/isanlp_srl_framebank

SRL parser for Russian based on FrameBank corpus

Primary LanguageJupyter NotebookMIT LicenseMIT

License: MIT Python 3.6

IsaNLP SRL FrameBank

This Python 3 library provides SRL parser for Russian based on neural network models trained on FrameBank corpus -- semantically annotated corpus of texts in Russian.
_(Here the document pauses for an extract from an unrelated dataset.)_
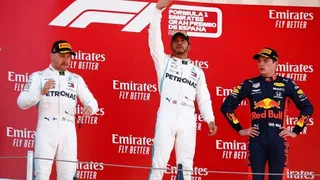 Las clasificaciones de la Fórmula 1 tras el Gran Premio de España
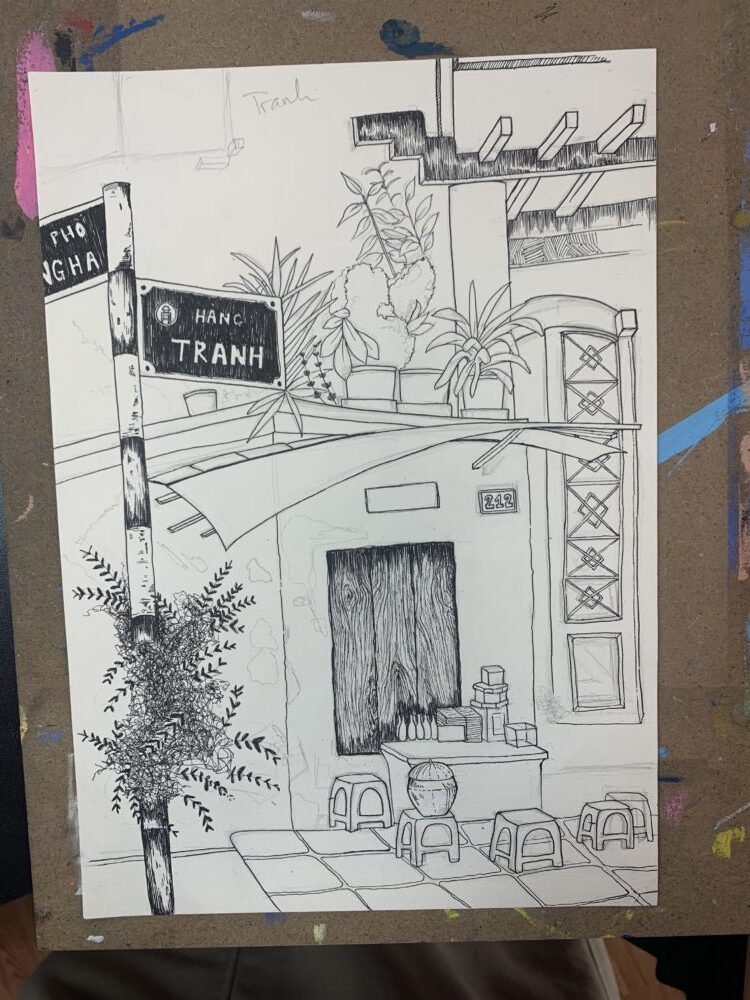 Tác phẩm Lê Phạm Trang Anh | 2026-03-01 33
The parser should be used in conjunction with IsaNLP library and can be considered its module.
Disclaimer: the code is in alpha stage.

Installation

Note: the library is considered for Python 3.6. If you do not have one, checkout pyenv or this docker container powered with the data science tools: jupyter, keras, sklearn, gensim, tensorflow, pytorch, etc.

Quick (few dependencies for usage with docker)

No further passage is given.